Cemaatin adayı olarak, 2004 yılında partinin meclis listesine girecekti R.B. isimli iş adamı.

O zaman kısmi büyük iş adamıydı, sonrasında büyümeye devam etti. Akabinde Cemaatinin abilerinden kendisine uyarı geldi, ”R.B. bu dönem meclise sen girme, başka bir R.’yi vereceğin bu dönem listeye. Onun unvanı da var, seni sonraki dönemlerde düşünürüz” dediler.

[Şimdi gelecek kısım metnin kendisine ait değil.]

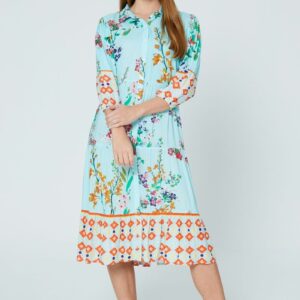 ANQ-10001 Blue Floral Linen Dress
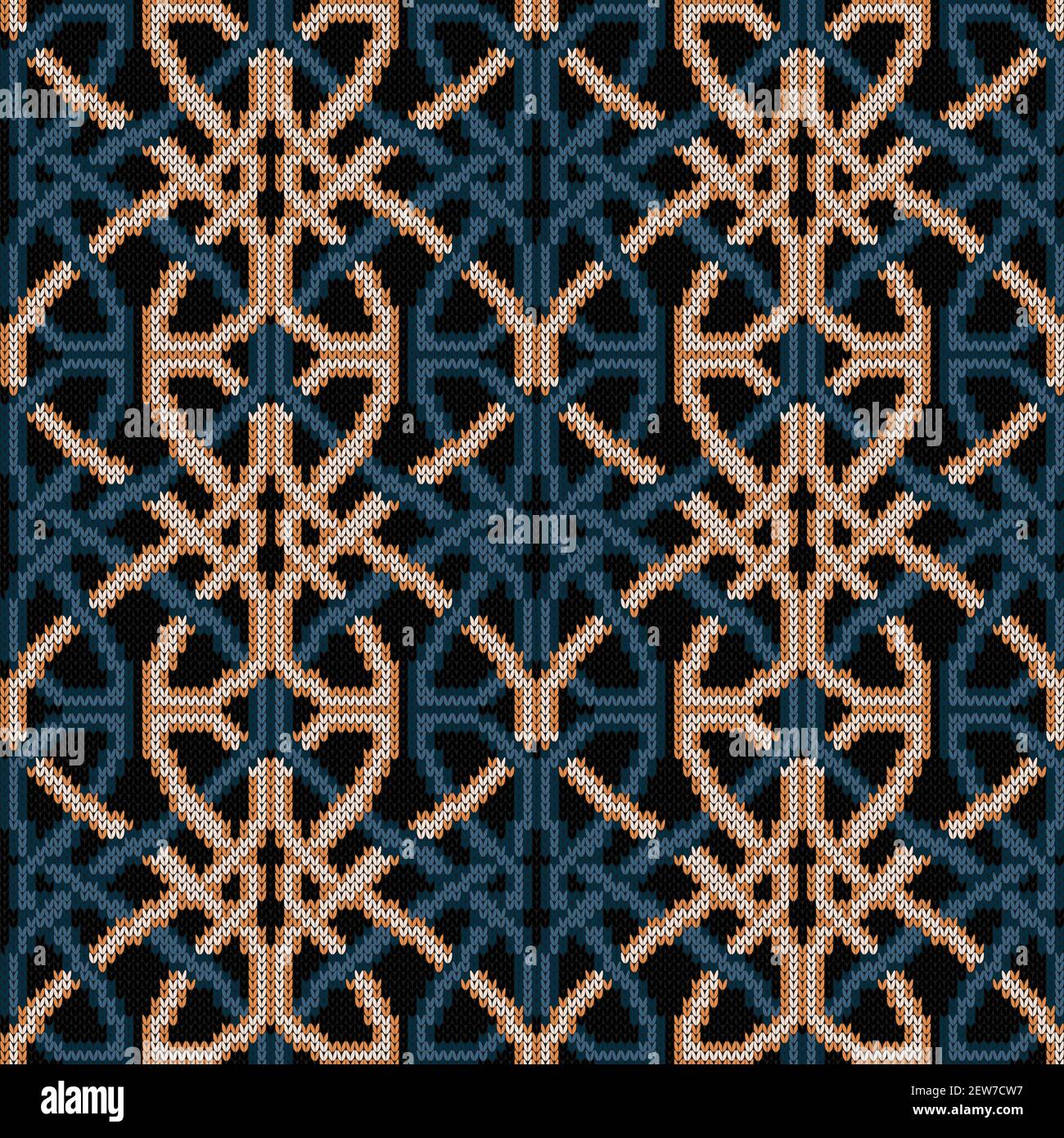 Motif vectoriel sans couture orné bleu et beige teinte sur fond noir comme texture de tissu Illustration de Vecteur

R.B. yerine, başka bir R.. cemaatin desteği ile meclis listesinde yer aldı. Sonra o R.’nin meclis üyelikleri devam etti.

*

Cemaat kanadından gelmezsen, işin rast gitmezdi o dönem. O dönemki iş adamları derneğine girebilmek için bile içeriden referans gerekirdi. İnşaat işleri, zeytin sektörü, işe alımlar. Her zaman onlardan geçerdi. Öneride bulunmazlardı, emir verirlerdi. Yönetimine de girmek öyle kolay değildi.

*

Sınav sonuçları açıklanacaktı 2009 yılında. Ellerinde Zaman Gazetesi Muhabir Kartları ile her okula en pek sayıda kişi gelmişti. Sınav sonuçlarını takip edeceklerdi. Bazı yerlerde muhabir kartlarının geçerli olmadığını, basın kartının yerinin tutmadığını söylese de, pek çok noktada dinlemek zorunda kaldı insanlar.

***

Önce Dershane tartışmaları çıktı. Ardından, 17-25 Aralık meydana geldi. 15 Temmuz’daki hain girişim sonrasında ise, 17-25 Aralık milat olarak kabul edildi.

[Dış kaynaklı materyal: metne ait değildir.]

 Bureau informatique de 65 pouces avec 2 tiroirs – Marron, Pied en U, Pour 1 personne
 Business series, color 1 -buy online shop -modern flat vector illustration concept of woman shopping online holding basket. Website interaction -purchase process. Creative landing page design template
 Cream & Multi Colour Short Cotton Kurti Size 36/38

Bir kısmı zaten çıkar odaklı FETO’nun yanındaydı. Doğrularını bilmiyor, dinlemiyorlardı. 17-25 sonrasında herhangi bir değişim olmayınca, onlar saf değiştirmişti.

Birileri paylaşımlarında bile ”Aramıza fitne soktular” diyordu. 17-25 Aralık’tan sonraydı. Siyasiydiler. Görevlerinde kaldılar.

Her il ve ilçe belediyesinde, cemaatin kontenjanı vardı aslında. Bunların siyasi oldukları için ”17-25” sonrasında, FETO’ya uzak kaldığına inandılar. Zorlamadılar.

Gemlik’te dönemin kaymakamı FETO’dan açığa alındı, ardından ihraç edildi. Arsa konusunu yazdığımızda, Kaymakamın yanında olanlar, bize de tepki gösterenler, meydanlarda FETO’ya lanet okudular, küfrettiler. Unutmadan, 15 Temmuz’un ilk günü dışında, nöbetlerde o da poz verdi. Hatta konuşmalar yaptı. Akşamları, evlerde toplandığı isimlerle yan yana.

*

Gürcistan’da FETO’nun siyasi temsilcisi ile 17-25 Aralık’tan bir yıl sonra poz verenler, Bursa’da görevden alınsa da, yargılanmadılar.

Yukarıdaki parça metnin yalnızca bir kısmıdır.